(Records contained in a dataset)
:::
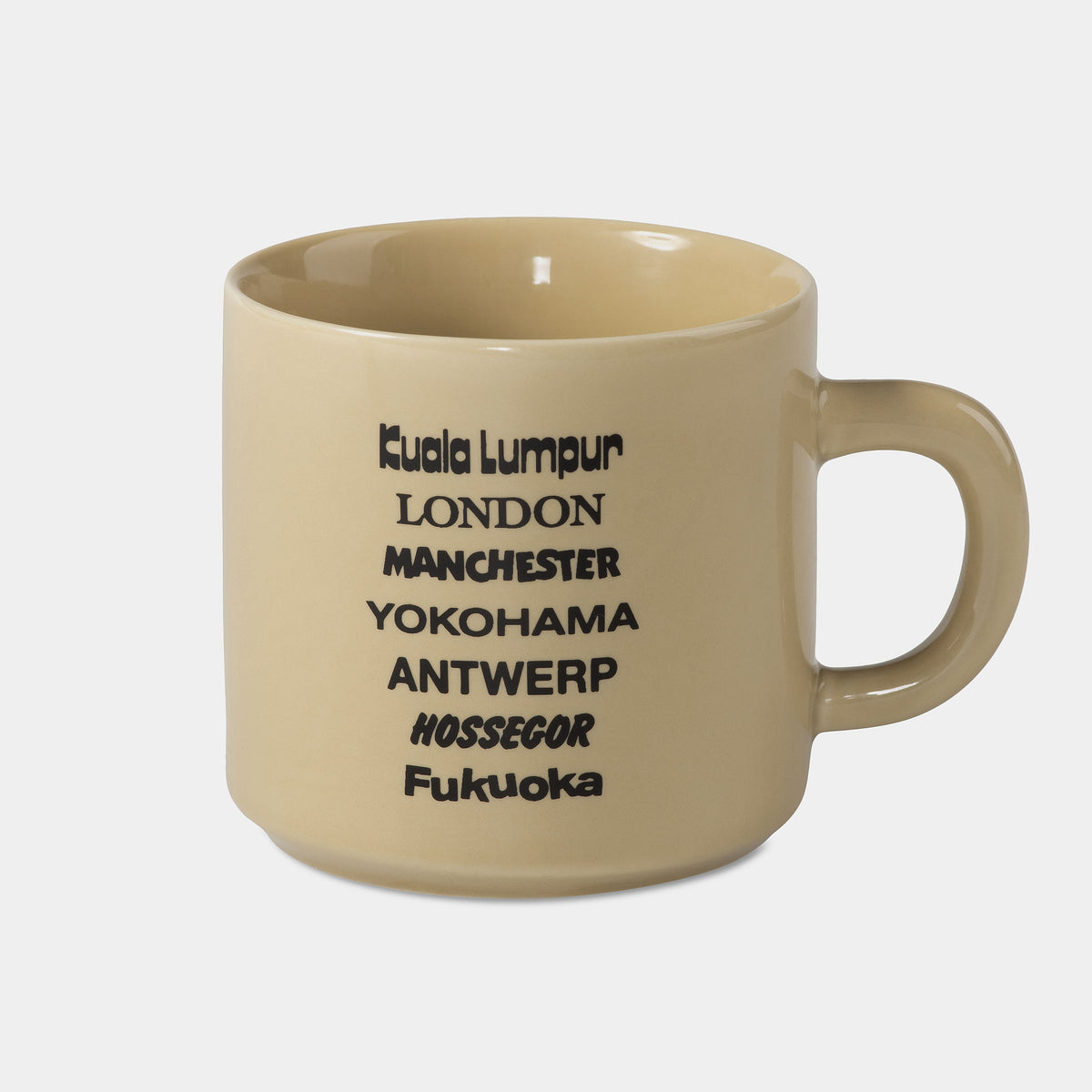 Carhartt WIP Coffee Mug - Dusty H Brown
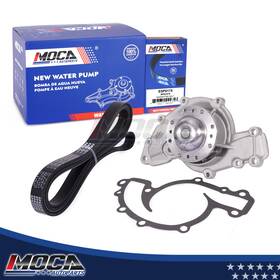 Mocaewp9339 Moca Auto Parts Water Pump With Belt For 97-98 Buick Regal Pontiac Grand Prix 98-99 Intrigue 3.8l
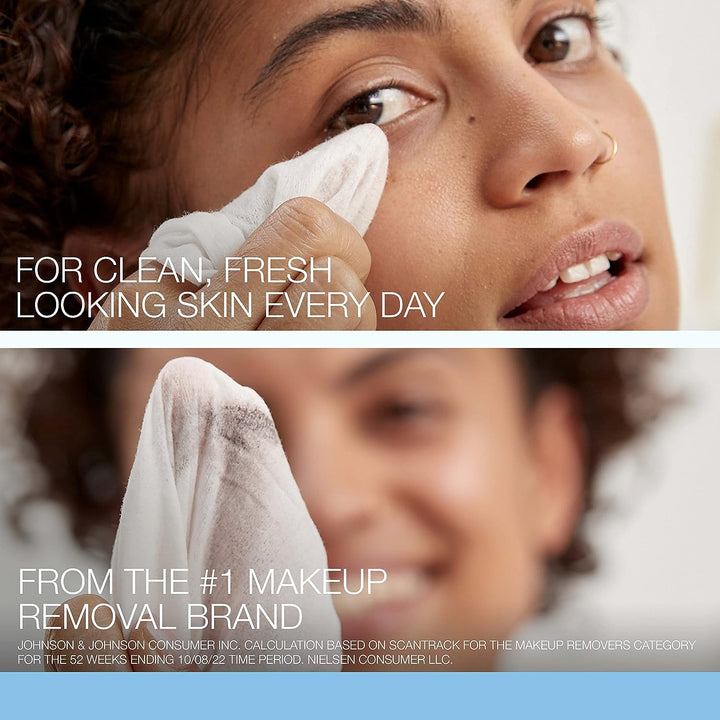 Neutrogena - Cleansing Fragrance Free Makeup Remover Face Wipes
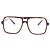 Jimmy fairly Gafas « La Nax » marrón Castaño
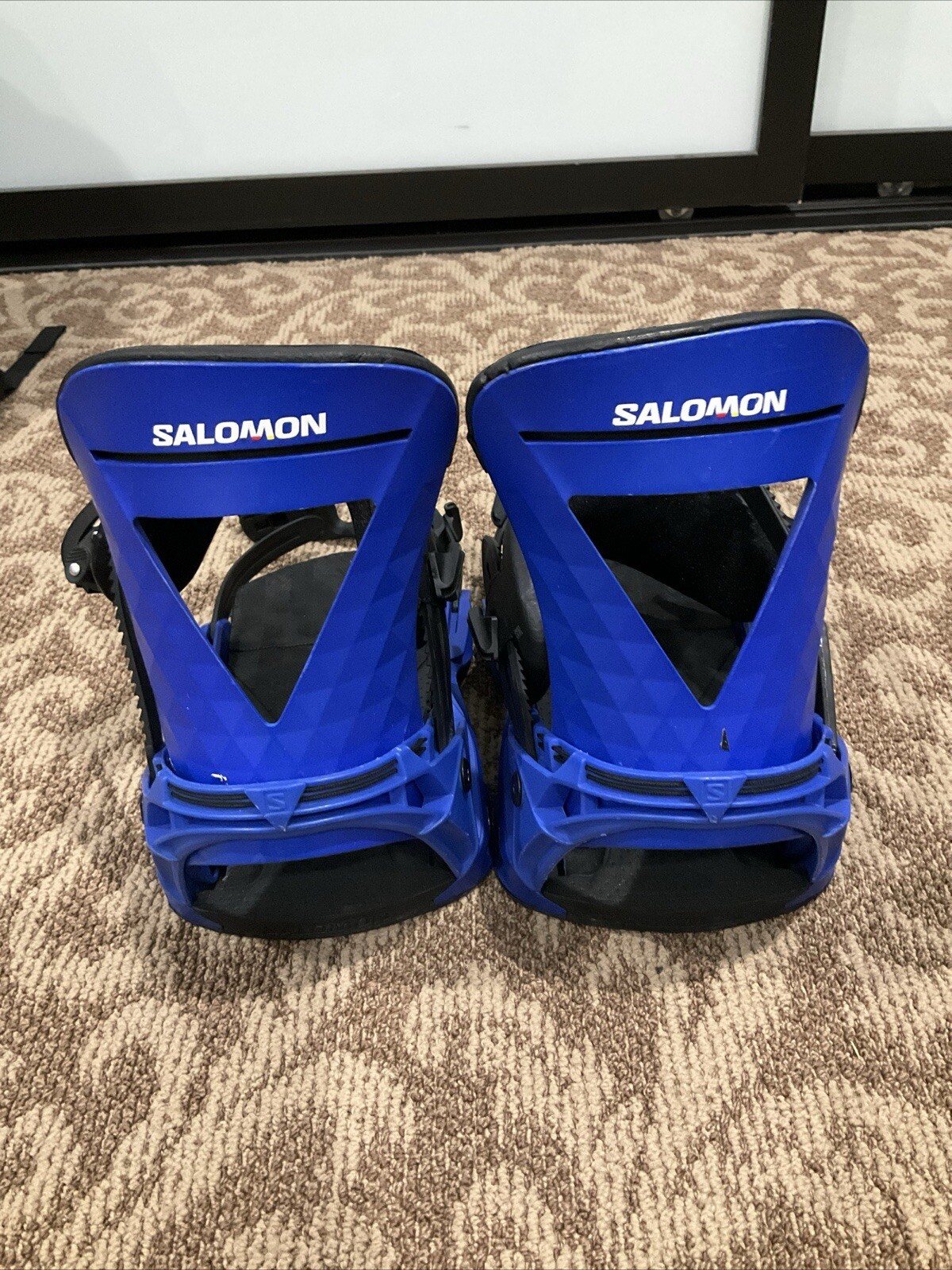 Attacchi snowboard Salomon Mirage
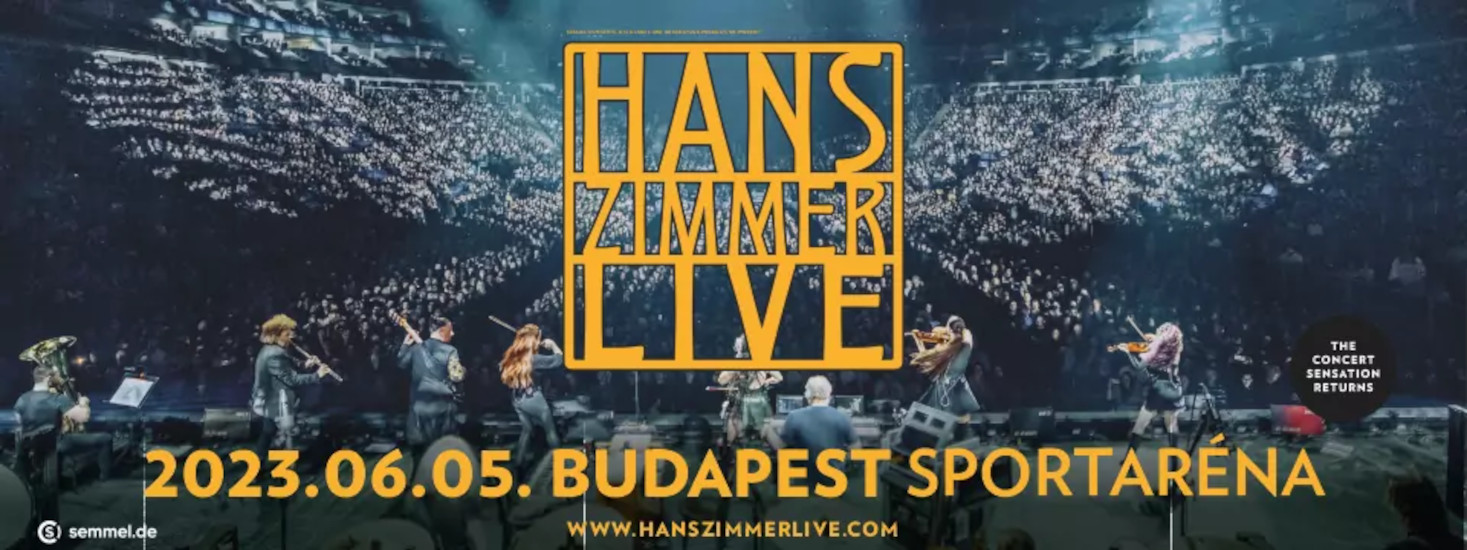 Hans Zimmer Live, Budapest Aréna, 5 July 2023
:::
Instructions for the task. From the line that includes "Neutrogena - Cleansing" on down to the last line of the entries above, set down each line exactly, leaving out the pictures.

Answer to the problem.
 Neutrogena - Cleansing Fragrance Free Makeup Remover Face Wipes
 Jimmy fairly Gafas « La Nax » marrón Castaño
 Attacchi snowboard Salomon Mirage
 Hans Zimmer Live, Budapest Aréna, 5 July 2023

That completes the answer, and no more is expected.